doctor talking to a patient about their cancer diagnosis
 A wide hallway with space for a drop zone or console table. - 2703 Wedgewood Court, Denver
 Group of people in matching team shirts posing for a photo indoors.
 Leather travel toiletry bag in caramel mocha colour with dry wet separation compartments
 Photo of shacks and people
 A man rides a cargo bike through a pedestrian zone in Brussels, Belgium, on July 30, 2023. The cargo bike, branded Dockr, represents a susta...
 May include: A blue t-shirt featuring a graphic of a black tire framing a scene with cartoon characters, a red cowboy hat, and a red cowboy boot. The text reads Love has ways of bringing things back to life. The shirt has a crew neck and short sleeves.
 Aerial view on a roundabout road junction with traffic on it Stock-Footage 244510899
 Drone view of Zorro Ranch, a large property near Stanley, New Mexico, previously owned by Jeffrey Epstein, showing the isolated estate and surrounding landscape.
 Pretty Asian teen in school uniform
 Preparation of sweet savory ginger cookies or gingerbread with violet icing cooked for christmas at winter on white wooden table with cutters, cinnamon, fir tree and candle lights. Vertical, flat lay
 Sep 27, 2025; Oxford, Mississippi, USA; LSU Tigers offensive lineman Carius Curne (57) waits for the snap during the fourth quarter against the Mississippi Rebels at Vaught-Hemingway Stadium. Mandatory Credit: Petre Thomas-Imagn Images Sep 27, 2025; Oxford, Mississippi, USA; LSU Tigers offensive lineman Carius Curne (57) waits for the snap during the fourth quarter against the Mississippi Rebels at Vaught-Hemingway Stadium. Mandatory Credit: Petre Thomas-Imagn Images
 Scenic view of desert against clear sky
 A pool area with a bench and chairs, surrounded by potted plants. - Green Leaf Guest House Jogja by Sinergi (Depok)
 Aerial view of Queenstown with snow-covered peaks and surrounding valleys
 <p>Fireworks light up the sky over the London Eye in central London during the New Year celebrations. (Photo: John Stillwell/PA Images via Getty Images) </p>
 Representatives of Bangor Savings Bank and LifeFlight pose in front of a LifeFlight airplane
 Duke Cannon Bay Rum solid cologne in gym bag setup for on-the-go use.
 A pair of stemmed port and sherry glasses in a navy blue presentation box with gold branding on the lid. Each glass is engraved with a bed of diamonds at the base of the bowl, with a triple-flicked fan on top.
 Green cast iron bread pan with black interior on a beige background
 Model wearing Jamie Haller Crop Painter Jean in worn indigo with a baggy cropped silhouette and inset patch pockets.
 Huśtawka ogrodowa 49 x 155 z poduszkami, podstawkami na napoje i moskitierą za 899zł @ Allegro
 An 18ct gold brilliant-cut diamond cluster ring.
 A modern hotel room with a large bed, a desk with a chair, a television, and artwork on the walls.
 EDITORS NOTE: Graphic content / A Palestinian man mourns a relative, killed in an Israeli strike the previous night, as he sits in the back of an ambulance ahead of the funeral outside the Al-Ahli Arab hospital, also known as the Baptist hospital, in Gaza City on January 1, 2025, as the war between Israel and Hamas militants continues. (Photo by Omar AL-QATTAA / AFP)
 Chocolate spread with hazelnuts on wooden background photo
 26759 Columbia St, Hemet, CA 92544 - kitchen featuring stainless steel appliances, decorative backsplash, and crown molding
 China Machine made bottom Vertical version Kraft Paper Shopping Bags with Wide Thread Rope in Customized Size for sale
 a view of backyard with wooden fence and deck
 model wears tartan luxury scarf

→ **Assignment**
Beginning with the first line of the listing above, print each line exactly until you have printed the line that contains "Group of people".

→ **Final answer**
doctor talking to a patient about their cancer diagnosis
 A wide hallway with space for a drop zone or console table. - 2703 Wedgewood Court, Denver
 Group of people in matching team shirts posing for a photo indoors.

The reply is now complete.